Sakit apa sebetulnya Arsin? Sebenarnya bukan penyakit aneh-aneh amat, kata Dr. Gentur Sudjatmiko, Kepala Bagian Bedah Plastik Rumah Sakit Cipto Mangunkusumo, Jakarta. Arsin dinyatakan menderita sejenis filariasis atau biasa dikenal sebagai penyakit kaki gajah. Penyakit ini disebabkan oleh infeksi parasit cacing filaria yang mengakibatkan pembengkakan pada kelenjar getah bening. Umumnya pembengkakan terjadi pada bagian tungkai kaki, tetapi tak jarang pula menyerang skrotum dan bagian pangkal paha di sekitarnya. Dilihat dari besarnya pembengkakan, kasus Arsin memang tergolong langka. Selama pengalamannya, ini baru kasus kedua yang pernah ditemukan Gentur.
Tentu bukan karena ingin mencetak rekor penyakit kaki gajah bila Arsin membiarkan penyakitnya bertambah parah dari tahun ke tahun. Lelaki Betawi yang lugu ini memang cuma bisa pasrah. Mendiang ayahnya, yang cuma seorang tukang gali kubur, terlalu miskin untuk mengongkosi pengobatannya. Tak lulus sekolah dasar, ia bahkan buta huruf. "Kalau ngitung sih bisa," katanya terkekeh. Kini ia menyandarkan hidupnya di sebuah warung seukuran 2 x 1 meter di pojok sebuah gang kumuh di Jelambar, Jakarta. Dari situ ia beroleh lima ribu perak sehari, cuma cukup buat mengganjal perut. Ia juga tak punya sanak keluarga yang bisa dimintai tolong. Adik satu-satunya, seorang penarik bajaj, sudah angkat tangan.

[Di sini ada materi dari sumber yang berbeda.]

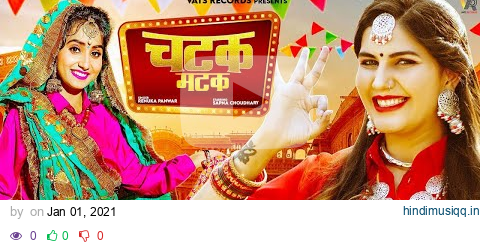 Chatak Matak (Official Video) | Sapna Choudhary | Renuka Panwar | New Haryanvi Songs Haryanavi 2020 pagalworld mp3 song download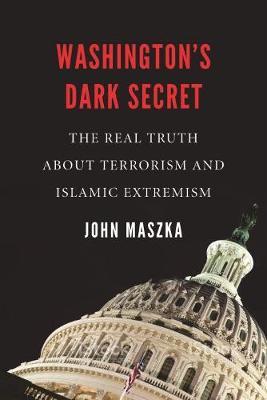 Washington'S Dark Secret by John Maszka image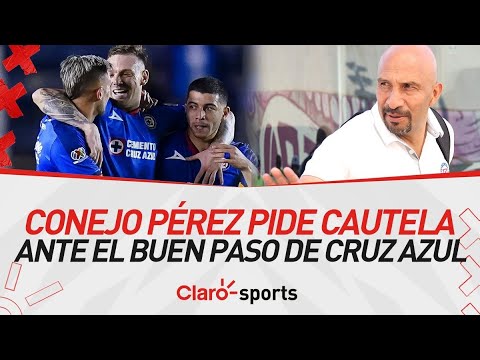 Conejo Pérez pide cautela ante el buen paso de Cruz Azul en el torneo Clausura 2024 de la Liga MX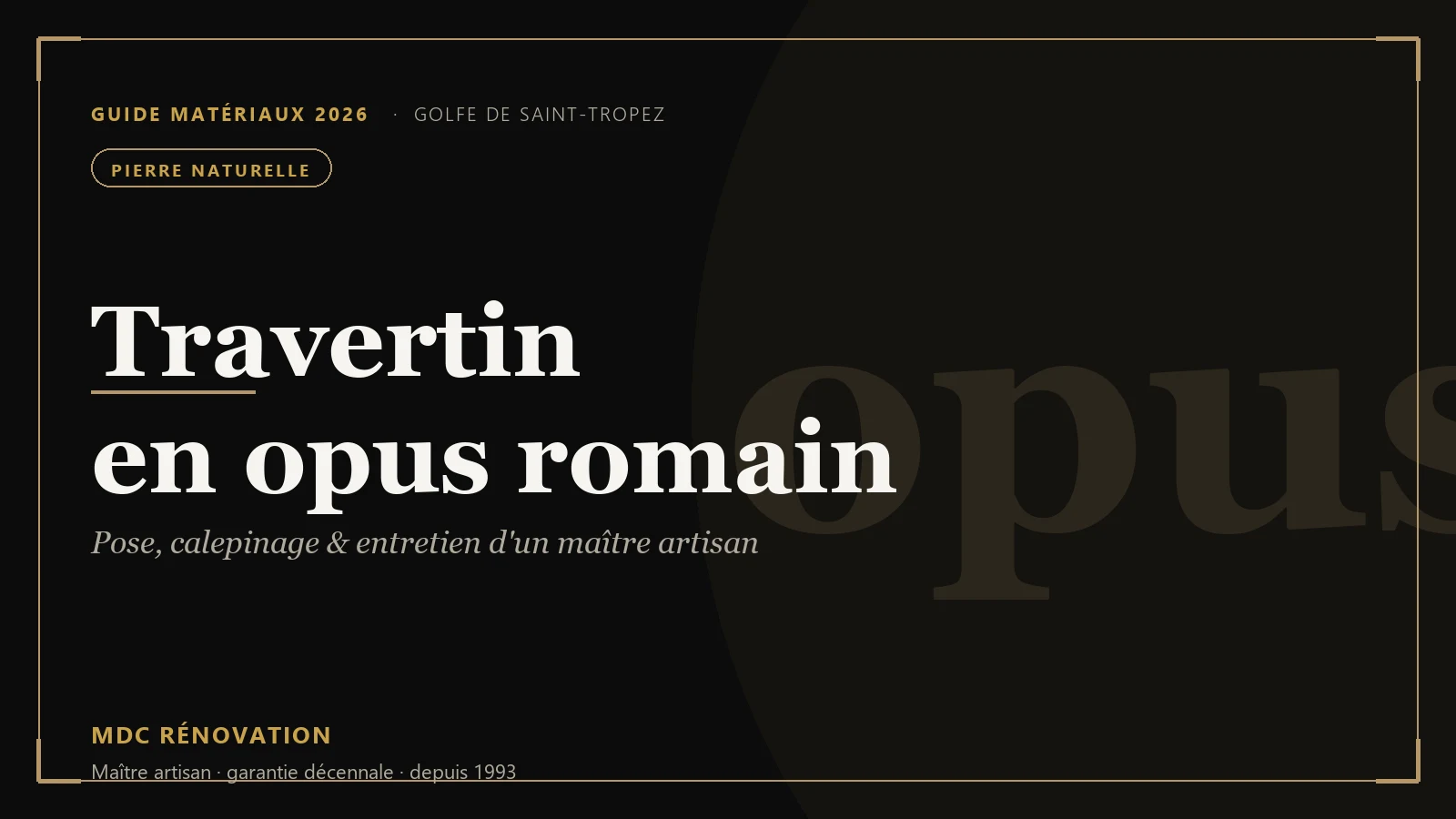 Travertin en opus romain posé au sol par un maître artisan à Saint-Tropez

Untunglah, kisah getir itu sampai juga ke telinga seorang yang bersedia mengulurkan tangan. Tak sampai hati melihat kemalangan itu, Nyonya Delima, seorang wanita pengusaha, lalu membawa Arsin ke Yayasan Tzu Chi (artinya memberi welas asih) Indonesia, tempat ia menjadi salah satu relawannya. Tzu Chi adalah sebuah organisasi kemanusiaan yang berkantor pusat di Taiwan, dengan 5 juta sukarelawan yang tersebar di 34 negara. Atas sokongan lembaga inilah sejak Maret lalu Arsin mulai berobat di Rumah Sakit Cipto Mangunkusumo (RSCM).
Masalahnya, cacat yang diderita Arsin sudah terlampau parah untuk direparasi. Karena terlampau lama dibiarkan, seluruh jaringan skrotum Arsin telah rusak parah. Karena itu, tak ada cara lain selain mengoperasinya. Nahasnya, karena pemotongan akan dilakukan mulai batas pangkal paha, Arsin mesti merelakan penisnya, yang sudah terdorong ke dasar gumpalan buah zakarnya. "Baru setelah itu kami akan merekonstruksinya," kata Gentur. Fungsi kelamin tak bisa sepenuhnya dipulihkan karena testisnya diduga telah hancur. Arsin tak mungkin lagi punya keturunan. Tapi dokter akan berusaha agar ia masih bisa menjalankan kegiatan seksual.
Sayang, jalan ke arah itu masih lumayan jauh. Arsin, seperti juga banyak pasien melarat lainnya, masih harus sabar menunggu di lorong RSCM yang panas dan hiruk-pikuk itu. Enam bulan sudah ia bolak-balik berobat, tapi hingga kini ia belum juga didorong ke meja operasi. Kenapa? Dokter Gentur membantah Arsin ditangani asal-asalan. Menurut dia, Arsin memang mesti menjalani dulu masa persiapan operasi. Paru-parunya yang terserang TBC akut, misalnya, harus diobati dulu. Daftar antre pasien juga telanjur panjang. Walhasil, menurut jadwal, baru pada Maret tahun depan ada kamar bedah yang kosong buat Arsin.